U.S. stock futures fell on Friday ahead of a much-anticipated speech by Federal Reserve Chairman Jay Powell that investors expect to provide guidance on the central bank’s strategy to fight inflation in increasing interest rates.
Futures fell slightly with European stocks in the hours leading up to Powell’s speech at the Jackson Hole annual central banks summit.
The Fed is trying to fight off the strongest period of rising consumer prices in about four decades, with inflation hitting 8.5% in July. But policymakers are also trying to avoid tipping the world’s largest economy into a deep recession with their program of aggressive rate hikes.
Bank of America analysts said the Fed was “likely to underscore its commitment to price stability, even at the risk of recession” in Jackson Hole. “Powell is likely to say the pace of increases may slow while emphasizing tight policy and no quick pivot to cuts,” they added.
Futures tracking Wall Street’s S&P 500 gauge and the tech-heavy Nasdaq 100 lost 0.4% and 0.5% respectively, while the regional Europe Stoxx 600 equity index fell 0. .4% early morning in London.
As market participants awaited Powell’s speech at 3:00 p.m. London time (10:00 a.m. New York time), U.S. government debt was under pressure, as traders awaited signals on the future pace and direction of US monetary policy.
In government bond markets, the yield on the 10-year U.S. Treasury bill — seen as an indicator of borrowing costs around the world — added 0.05 percentage points to 3.08% on Friday, the price of the reference debt instrument having fallen.
The dollar fell 0.2% against a basket of six other currencies, after rising in recent days on expectations of higher US interest rates. The euro gained 0.4% against the greenback to trade slightly above parity.
Market prices on Friday indicated that investors now expect the Fed to raise its main interest rate to 3.7% by February 2023, from projections of 3.3% at the start of the month. ‘august. The central bank’s current target range is between 2.25 and 2.50 percent, after two consecutive increases of 0.75 percentage points.
Traders are factoring in the possibility of another 0.75 percentage point rise after the Fed’s monetary policy meeting in September, with Powell’s language on Friday around inflation and the health of the economy likely to move those projections back and forth – especially against the backdrop of a thin summer. trading volumes.
Already, expectations of tighter policy and higher borrowing costs have started to weigh on investor sentiment in corporate debt markets.

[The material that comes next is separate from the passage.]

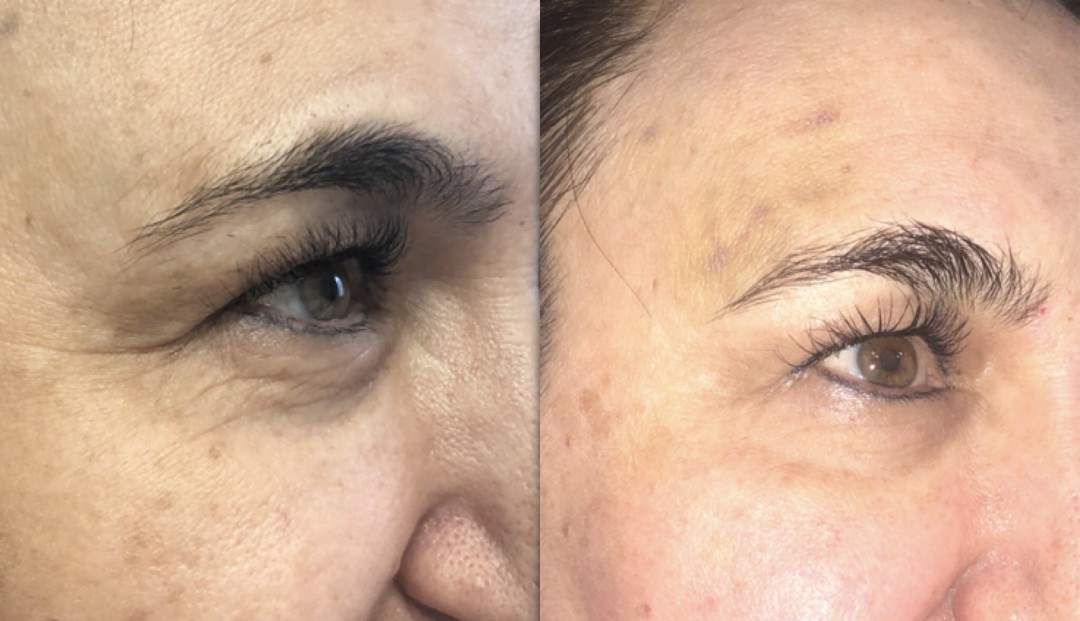 Результат до и после процедуры нитевого лифтинга глаз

The yield spread between high-yield U.S. corporate bonds and ultra-low-risk government debt has widened in recent weeks, from 4.2 percentage points on August 11 to 4.6 percentage points on markets close Thursday, according to Ice Data. Services index. Junk bond funds saw $4.8 billion in outflows in the week ending Wednesday, marking the biggest redemption in nine weeks, according to EPFR data compiled by BofA.
BofA expects the Fed to raise borrowing costs by 0.5 percentage points in September.

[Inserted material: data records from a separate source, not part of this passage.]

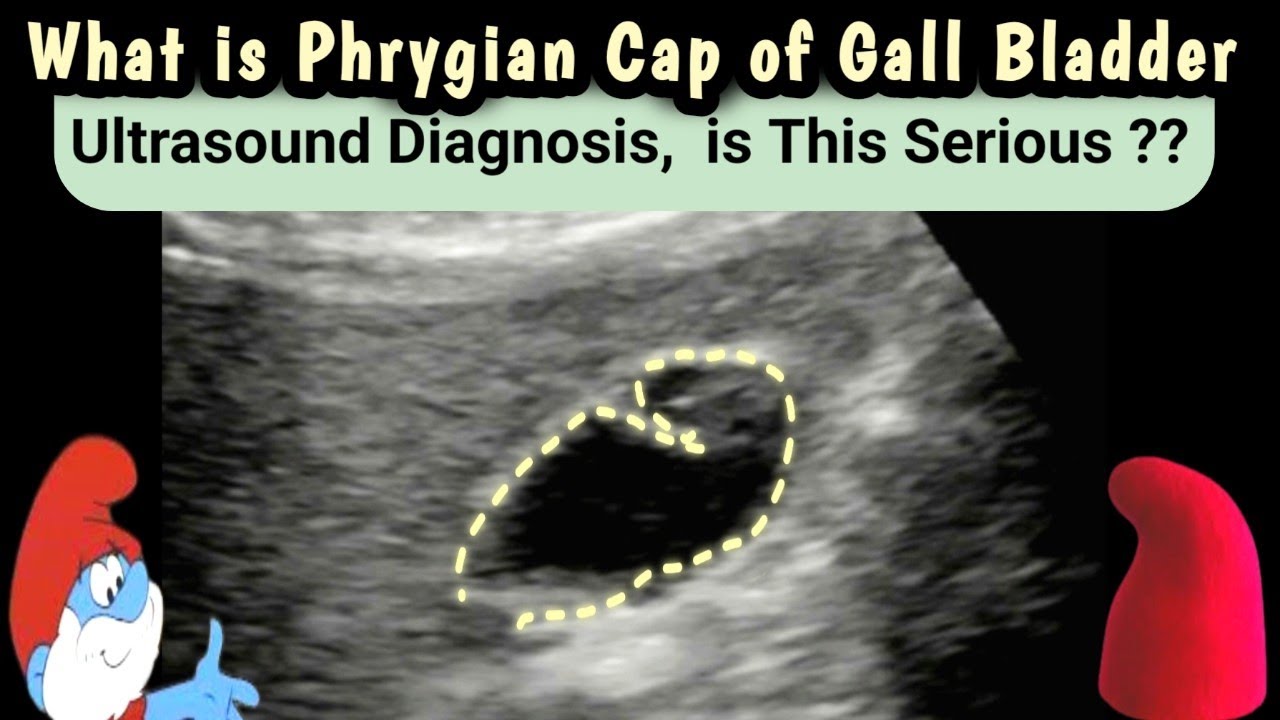 What is Phrygian Cap of Gall bladder | Ultrasound | Diagnosis | is this ...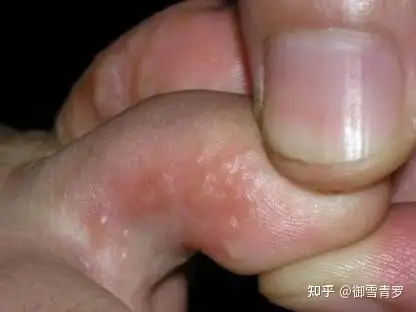 脚气水泡痒千万别弄破这样做才对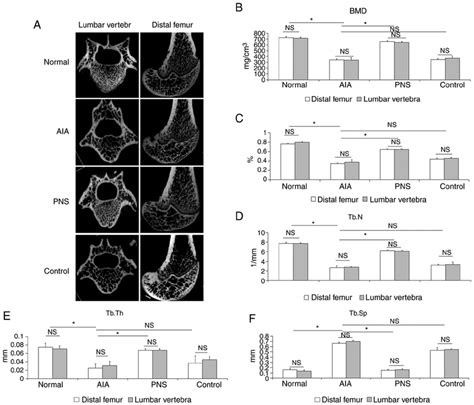 Micro Ct Analysis Of The Bmd Value Bone Structure And Quality Of The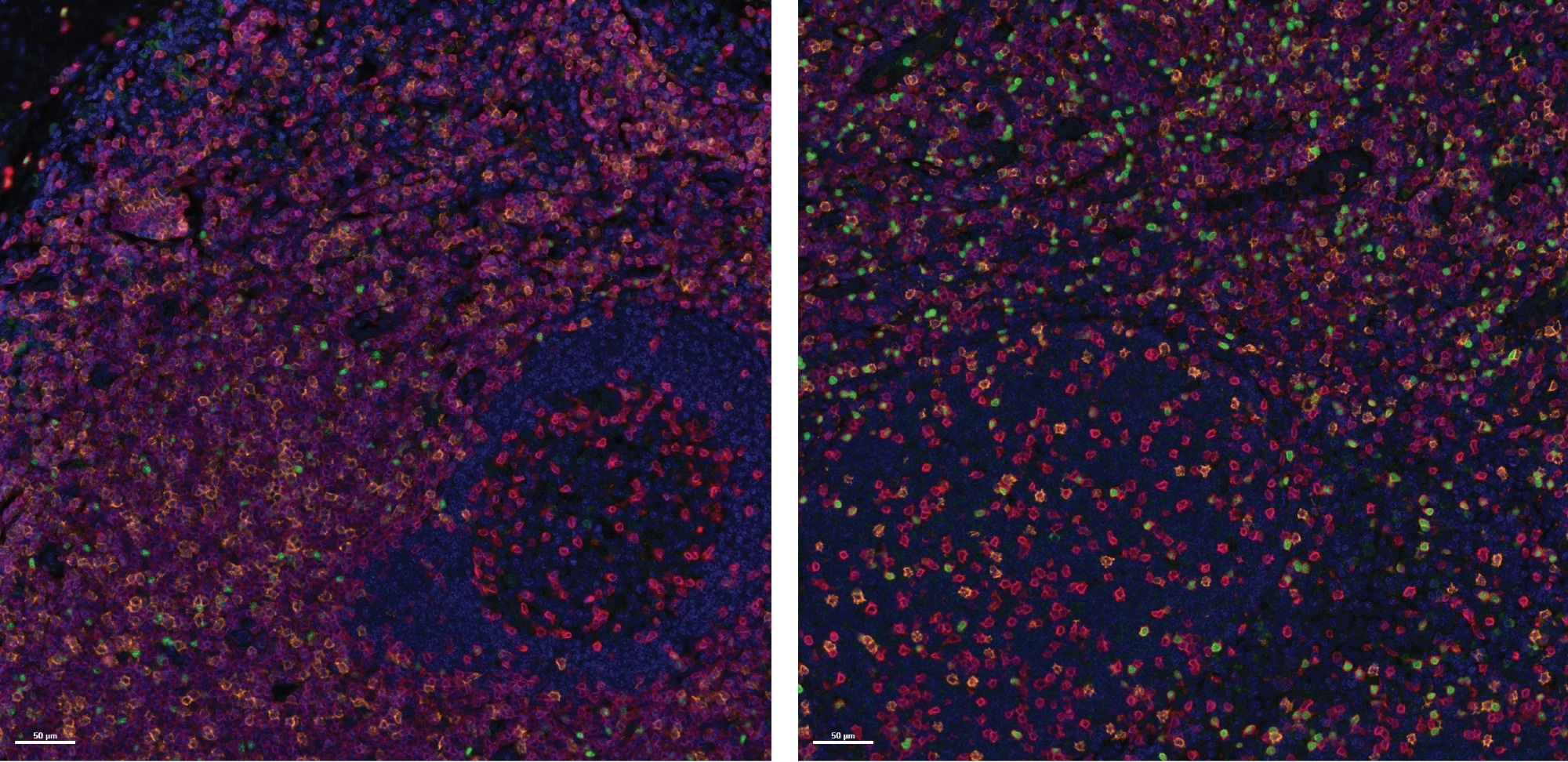 Immunochemistry multiplex for solid tumor analytical validation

Still, some have suggested that Powell may not shed new light on Fed strategy during his speech. “We won’t learn much more than what we already know,” said Jim Paulsen, chief investment strategist at Leuthold Group. “The Fed is going to raise rates again in September, they’re getting a little more dovish from what they’ve been, but that’s not surprising given their hawkish attitude.”

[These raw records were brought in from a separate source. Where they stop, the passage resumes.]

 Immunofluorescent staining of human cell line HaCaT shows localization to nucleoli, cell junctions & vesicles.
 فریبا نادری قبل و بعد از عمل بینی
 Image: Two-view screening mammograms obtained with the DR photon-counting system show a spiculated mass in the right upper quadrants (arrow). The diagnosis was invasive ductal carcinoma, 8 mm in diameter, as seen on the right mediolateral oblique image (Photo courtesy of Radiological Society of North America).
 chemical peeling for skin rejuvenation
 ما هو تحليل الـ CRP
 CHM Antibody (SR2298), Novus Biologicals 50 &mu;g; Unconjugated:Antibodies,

He added: “Having said that, it is undeniable that [the speeches] move markets. For day traders, this is extremely important.
Deutsche Bank economists did not expect Powell to provide “explicit guidance” for the upcoming Fed meeting, but they expected the central bank chairman to “steer his remarks in a direction hawkish to ensure that the Fed’s inflation-fighting credentials are not challenged.”
New figures due out later on Friday could also offer further clues to the health of the US consumer, with personal income and spending data due at 1.30pm London time.